Continuous Development Print is not enough. Now we add to the mix embroidery. – Val Furphy of the Furphy Simpson Studio. Print is continuously being developed & reinvented season upon season, designers are having to re-introduce different techniques & original ideas to stand out from the crowd. Fortunately for me, print & embroidery are what excites me in this field of textile design with greatest inspiration generated from fashion led- textile designers like Mary Katrantzou (left) who for A/W14 moved away from the digital neon brights of S/S13 in favour of a muted colour palette with embroidered detailing & embellishment. To freelance designers such as Rhianna Ellington (right 3) who combines print with embroidery- hand or free machine the combo is something I most certainly want to do for FMP. Moreover what I love about these techniques particularly the latter is a garment that has been hand stitched and embroidered will never be exactly the same as another garment & therefore individual.
FMP Inspiration/ Colour Palette? Mary Katrantzou: I want to utilize the technique I already know & play to my strengths not only in textiles techniques but my drawing style as well as producing a body of work based around a brief Im extremely interested in. I want to push myself by experimenting with digitally printed textiles, using CAD skills which Im hoping to develop & practise.
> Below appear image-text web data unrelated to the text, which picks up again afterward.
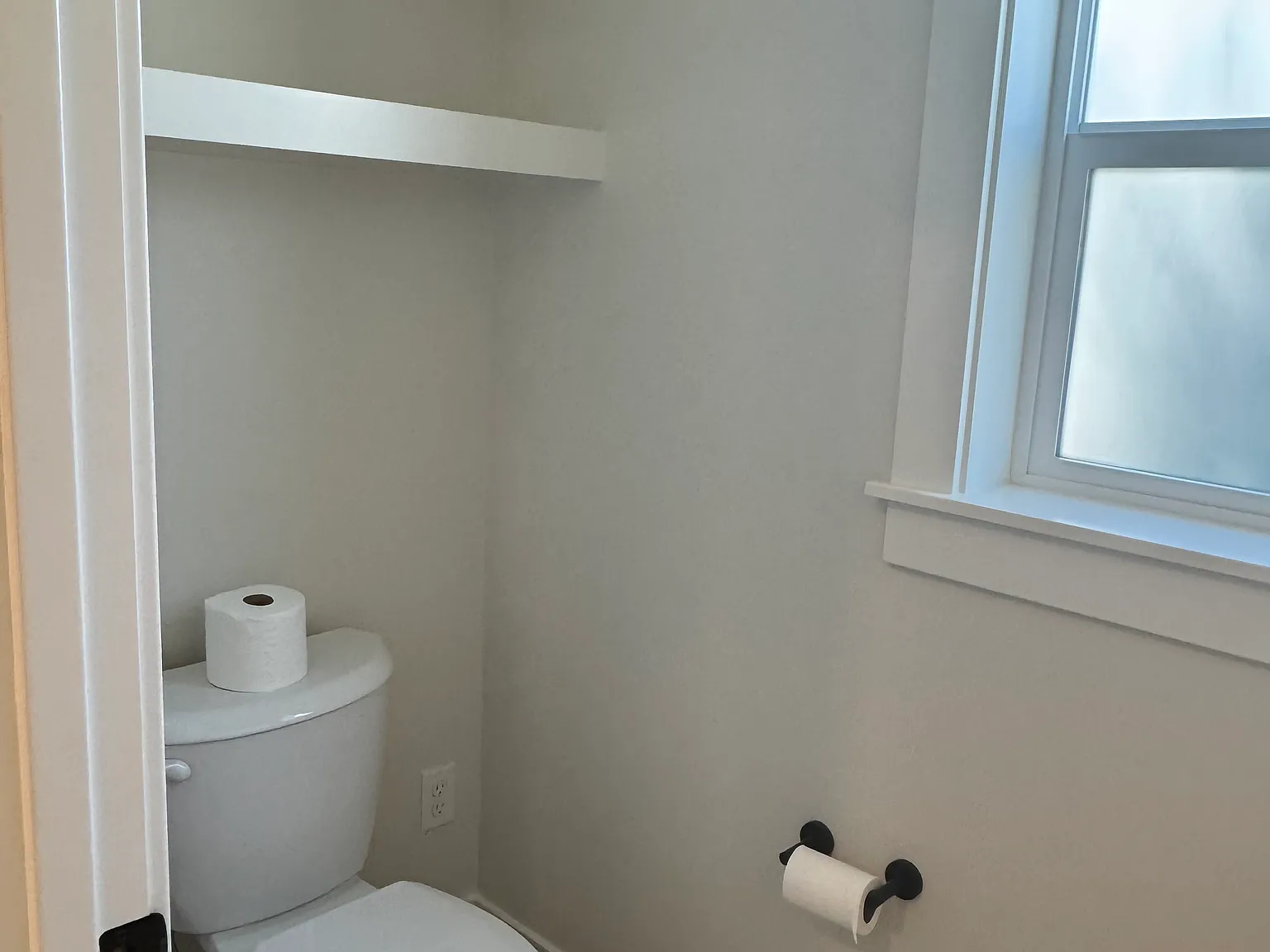 3 bed, 1707 sqft, $2,850 — Photo 2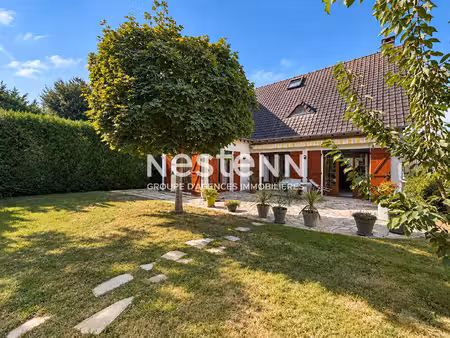 vauhallan - maison familiale 154 m² - 4 /5 chambres - terrain 498 m² - jardin - sous-sol t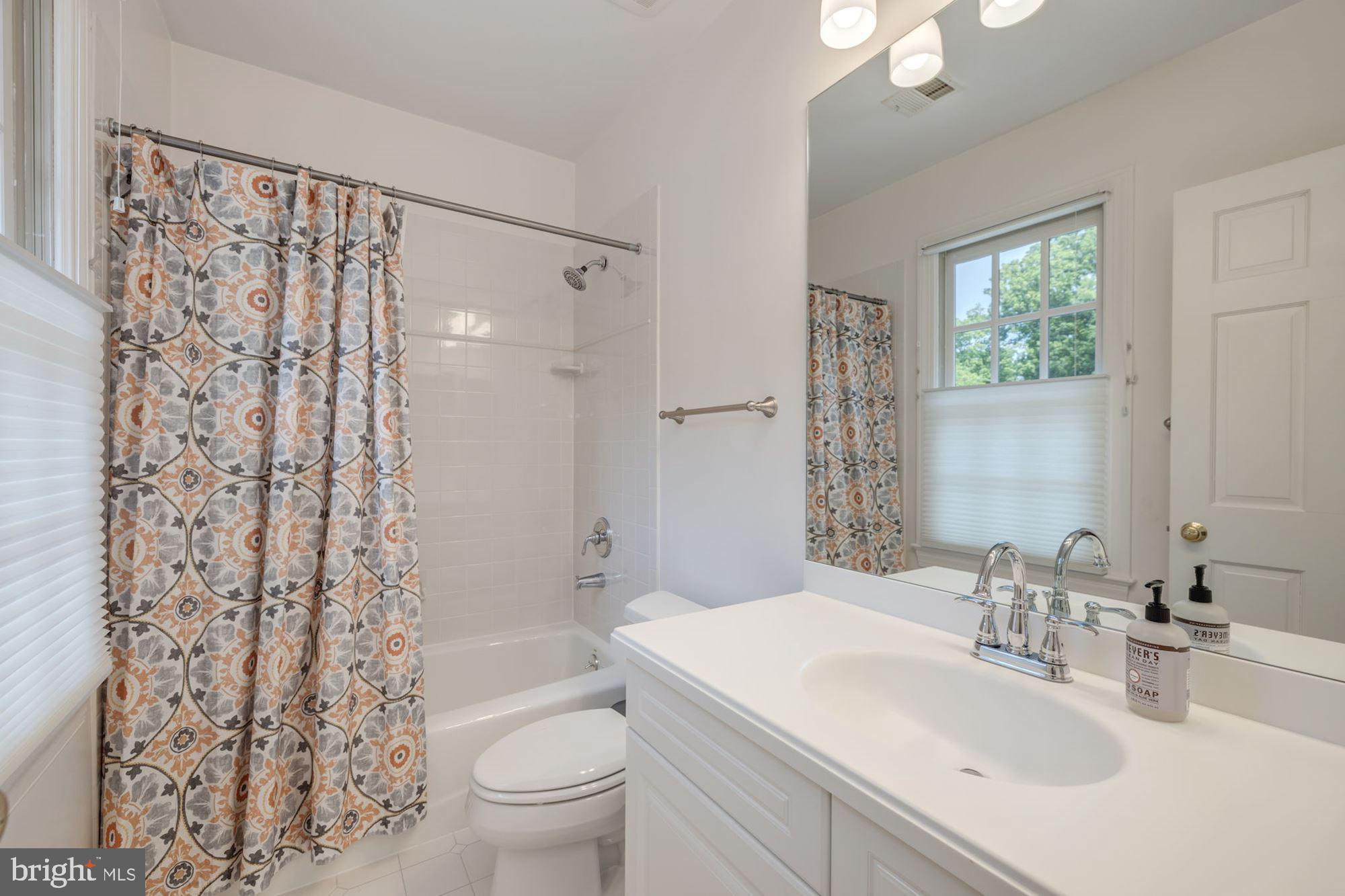 BRADLEY HILLS - Residential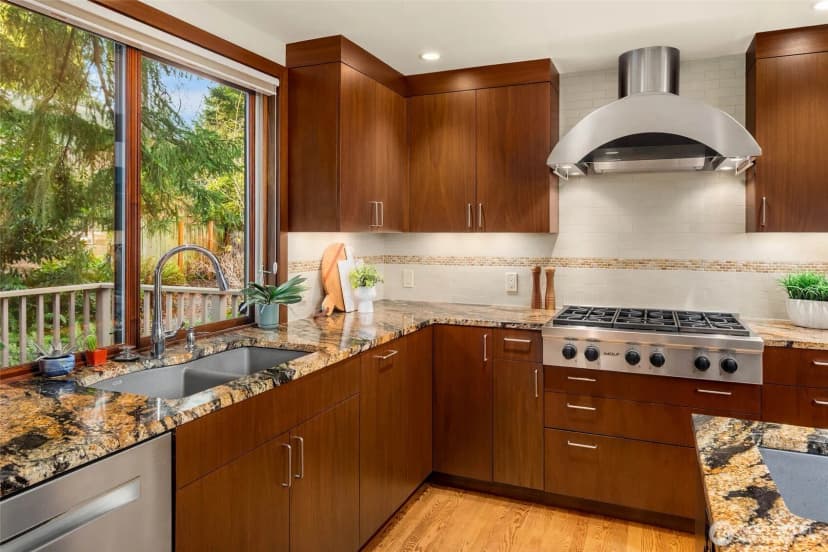 Property photo for 7445 86th Avenue Se, Mercer Island photo 13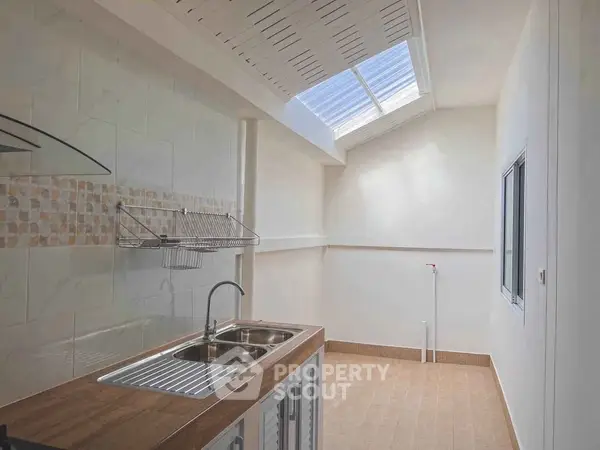 image_rental-27099931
I thoroughly enjoyed my first textiles project in specialism based around interpreting fashion trends so would consider looking at this again using the Trend magazine, Textile View from the library possibly for Spring/Summer 2015. Floral is the most popular & most commercial style- as I said before is the degree Im going to study in September at the University of Huddersfield focuses on commercial design. Moreover at time of FMP- Spring moving into summer, primary sources will be in abundance, photography & drawing/painting from observation which I can then stylize in Photoshop which could then be placed on a photo stencil screen. Finally I want to experiment with my strong sense of colour combining with my free machine/hand embroidery skills in creating a range of A3/A4 fabric samples with CAD & drawn versions with design ideas. I wont be making any garments however would like to do some visuals, make scarves for a collection in satin/silk like fabrics (see image left) but would experiment with other fabrics like cotton/crepe de chine/ organza. Taking advantage of the print/digital resources at Park St. & Queens Gardens. Colour Palette; brights with hints of neon mixed in occasionally with metallic iridescent pastels, to brighten, lighten and freshen the whole thing up.
Fabrics for womenswear fashion/accessorie s market Pastels & brights colour palette Season- Spring/Summer Exploring traditional techniques- screen printing & hopefully digital work- Photoshop. Combining print with embroidery & embellishment Like the affect satin silk fabric achieves? Floral imagery working with primary sources, photography, drawing, painting.